• Problem to work on
As the answer, give exactly the lines of the records below from the one with "SW3 is the check" through the one with "The first project", ends included and pictures left out.

*** Source material

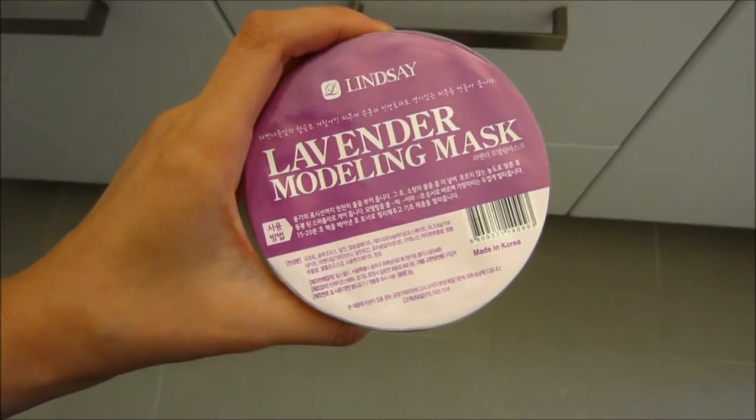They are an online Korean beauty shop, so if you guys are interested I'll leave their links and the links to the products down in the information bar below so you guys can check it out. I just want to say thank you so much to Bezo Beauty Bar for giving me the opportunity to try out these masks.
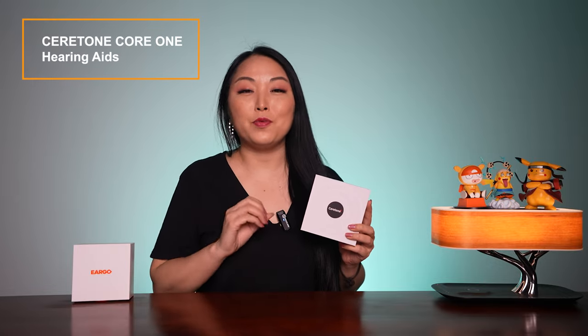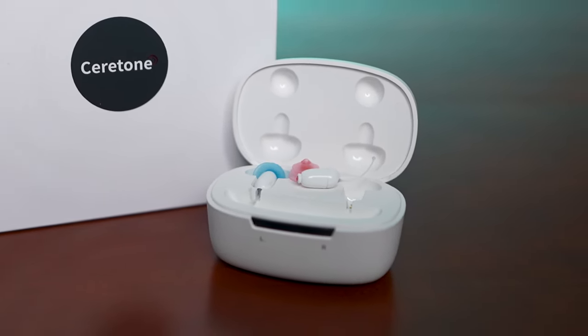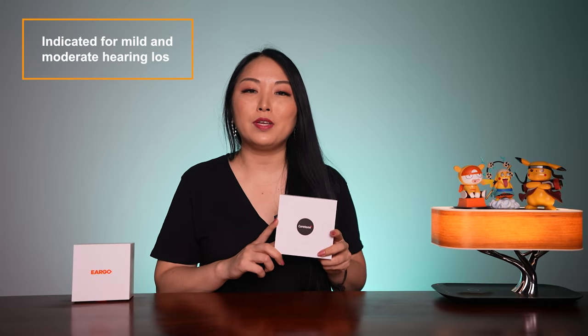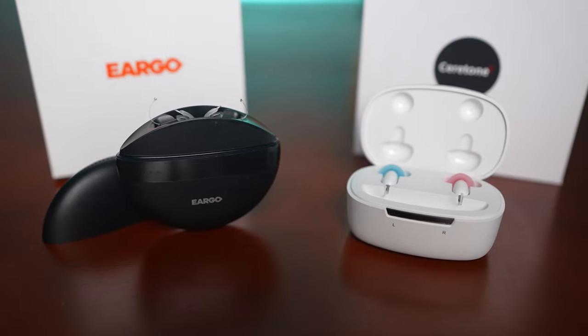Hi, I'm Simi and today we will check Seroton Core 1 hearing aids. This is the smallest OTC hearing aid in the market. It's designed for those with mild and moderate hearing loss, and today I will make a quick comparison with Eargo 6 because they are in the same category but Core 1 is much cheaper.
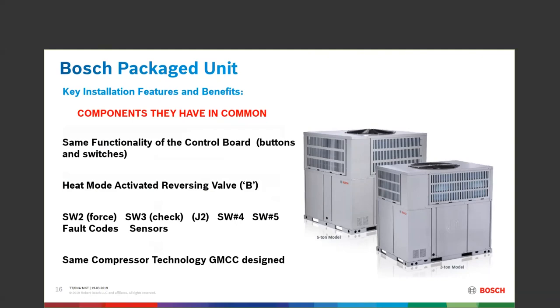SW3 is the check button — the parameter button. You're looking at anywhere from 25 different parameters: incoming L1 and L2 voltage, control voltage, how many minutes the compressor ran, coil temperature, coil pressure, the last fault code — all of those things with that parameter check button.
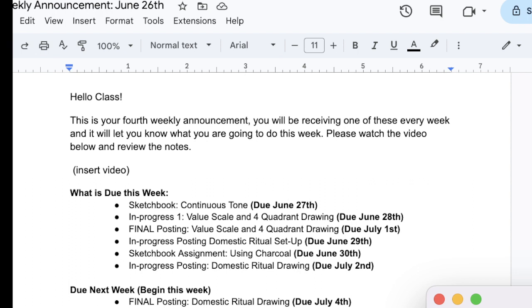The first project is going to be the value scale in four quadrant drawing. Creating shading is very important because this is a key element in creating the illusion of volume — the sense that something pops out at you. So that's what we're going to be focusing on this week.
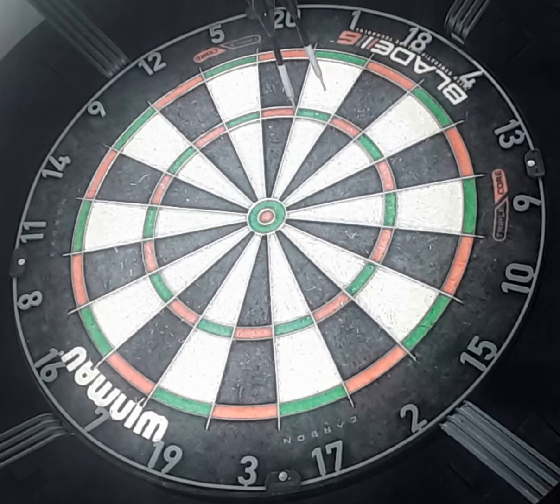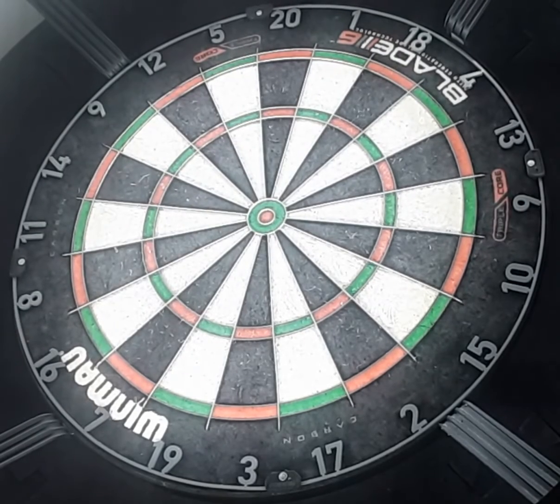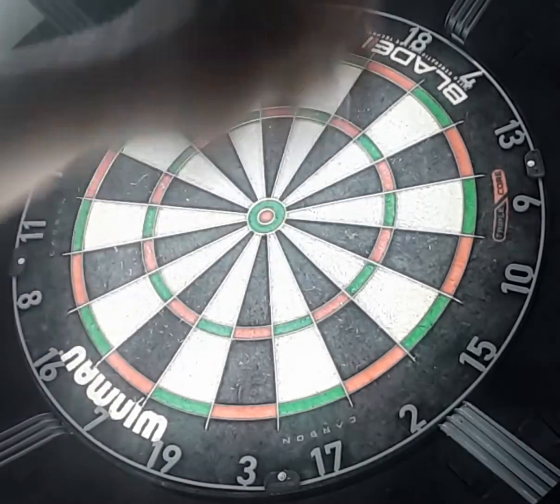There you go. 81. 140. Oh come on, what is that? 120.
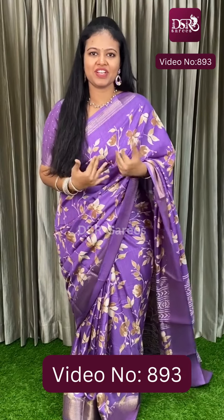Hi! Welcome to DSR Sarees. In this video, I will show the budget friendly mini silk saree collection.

******

• Written response
SW3 is the check button — the parameter button. You're looking at anywhere from 25 different parameters: incoming L1 and L2 voltage, control voltage, how many minutes the compressor ran, coil temperature, coil pressure, the last fault code — all of those things with that parameter check button.
The first project is going to be the value scale in four quadrant drawing. Creating shading is very important because this is a key element in creating the illusion of volume — the sense that something pops out at you. So that's what we're going to be focusing on this week.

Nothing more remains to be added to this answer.